Believe in God; believe also in me. 2 In my Father’s house are many rooms.
If it were not so, would I have told you that I go to prepare a place for you? 3 And if I go and prepare a place for you, I will come again and will take you to myself, that where I am you may be also.”
(ESV)
In this passage, the Lord says that He will “receive us to Himself.” (cf. 2 Thess.
2:1).
John Walvoord writes “The revelation given in John 14 is to the point that the departure of Christ from earth to heaven is required in order to prepare a place for them in the Father’s house, used here as an expression equivalent to heaven.
The promise to come again is connected with the return of Christ to heaven with the disciples.
Christ is promising to take His disciples to the Father’s house when He comes again.
It should be carefully determined just what takes place at the time of the event here described: Christ returns to the earthly scene to take the disciples from earth to heaven.
This is in absolute contrast to what takes place when Christ returns to establish His kingdom on earth.

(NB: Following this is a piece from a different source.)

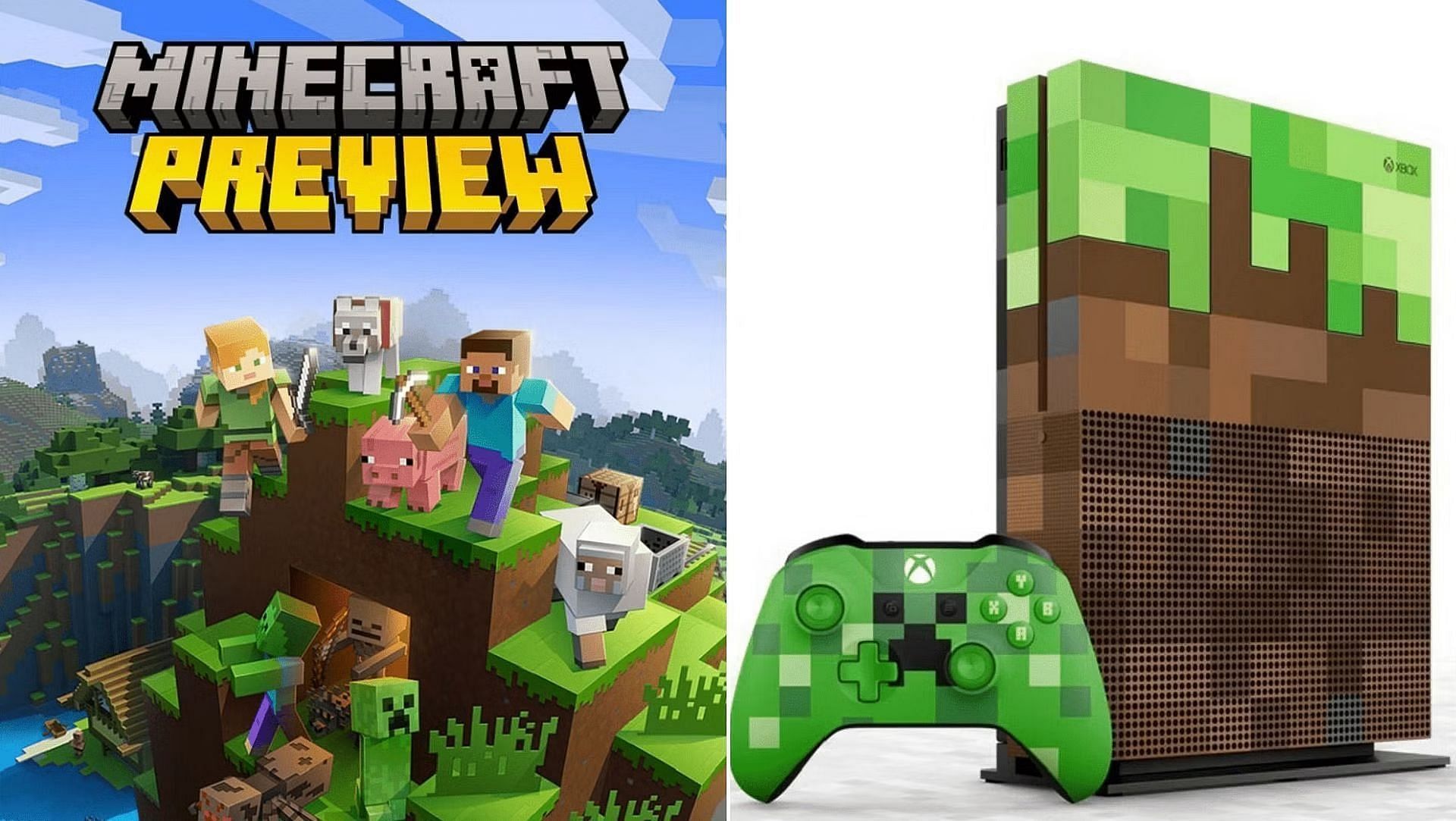 Minecraft previews on Xbox consoles is a straightforward proposal (Image via Mojang/Microsoft)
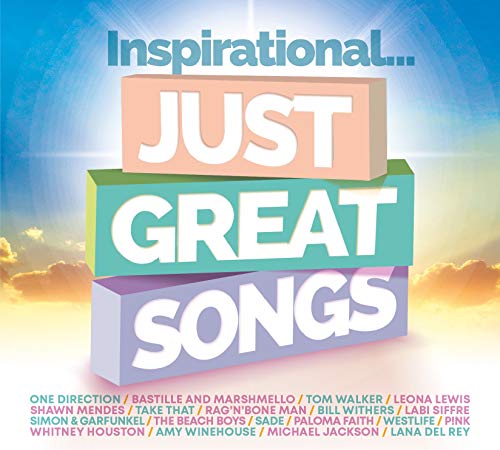 CD cover with colorful stacked text reading "Inspirational... Just Great Songs".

On that occasion, no one goes from earth to heaven.
The saints in the millennial kingdom are on earth with Christ.
The only interpretation that fits the statements of John 14 is to refer it to the time of the translation of the church.
Then, indeed, the disciples will go from earth to heaven, to the place prepared in the Father’s house.
The idea of going to the Father’s house in heaven was quite foreign to the thinking of the disciples.
Their hope was that Christ would immediately establish His kingdom on earth and that they would remain in the earthly sphere to reign with Him.
The thought of going to heaven first was a new revelation and one that apparently was not comprehended.
In Acts 1:6 they were still asking about the restoration of the kingdom to Israel.
In making the pronouncement in John 14, Christ held before His disciples an entirely different hope than that which was promised to Israel as a nation.
It is the hope of the church in contrast to the hope of the Jewish nation.
The hope of the church is to be taken to heaven; the hope of Israel is Christ returning to reign over the earth.
The passage so clearly teaches that the disciples will go from earth to heaven that those who deny the pretribulation translation of the church are forced to spiritualize this passage and make the expression “I will come back” a coming of Christ for each Christian at the time of his death.
Marcus Dods stated, ‘The promise is fulfilled in the death of the Christian, and it has changed the aspect of death.’
It is certainly desperate exegesis to dream up not only a spiritualization of the term “I will come back” but to postulate a personal coming of Christ at the death of each saint, a teaching that is never found explicitly in the Scriptures.
Dods himself admitted this is strange doctrine when he added, ‘The personal second coming of Christ is not a frequent theme in this Gospel.’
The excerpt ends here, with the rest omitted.